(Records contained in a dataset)
-----

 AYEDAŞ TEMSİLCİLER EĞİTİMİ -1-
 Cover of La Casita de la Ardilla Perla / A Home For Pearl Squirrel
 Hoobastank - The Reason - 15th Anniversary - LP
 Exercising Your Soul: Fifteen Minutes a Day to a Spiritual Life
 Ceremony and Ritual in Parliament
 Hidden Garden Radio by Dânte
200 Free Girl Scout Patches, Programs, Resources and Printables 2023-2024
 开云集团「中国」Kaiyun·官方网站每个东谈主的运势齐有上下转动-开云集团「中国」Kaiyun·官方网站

-----

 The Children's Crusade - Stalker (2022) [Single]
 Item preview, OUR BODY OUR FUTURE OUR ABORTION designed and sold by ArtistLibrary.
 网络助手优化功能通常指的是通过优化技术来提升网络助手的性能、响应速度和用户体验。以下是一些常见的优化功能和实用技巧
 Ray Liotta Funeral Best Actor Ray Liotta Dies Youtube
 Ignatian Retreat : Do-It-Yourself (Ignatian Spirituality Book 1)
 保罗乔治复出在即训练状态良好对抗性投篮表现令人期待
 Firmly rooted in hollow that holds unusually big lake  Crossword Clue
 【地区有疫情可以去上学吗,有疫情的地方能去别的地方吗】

-----

### Your objective:
For this exercise, repeat exactly the lines of the data above from the one with "AYEDAŞ TEMSİLCİLER EĞİTİMİ" down to the one with "开云集团「中国」Kaiyun·官方网站每", both end lines included.

### Solution:
 AYEDAŞ TEMSİLCİLER EĞİTİMİ -1-
 Cover of La Casita de la Ardilla Perla / A Home For Pearl Squirrel
 Hoobastank - The Reason - 15th Anniversary - LP
 Exercising Your Soul: Fifteen Minutes a Day to a Spiritual Life
 Ceremony and Ritual in Parliament
 Hidden Garden Radio by Dânte
200 Free Girl Scout Patches, Programs, Resources and Printables 2023-2024
 开云集团「中国」Kaiyun·官方网站每个东谈主的运势齐有上下转动-开云集团「中国」Kaiyun·官方网站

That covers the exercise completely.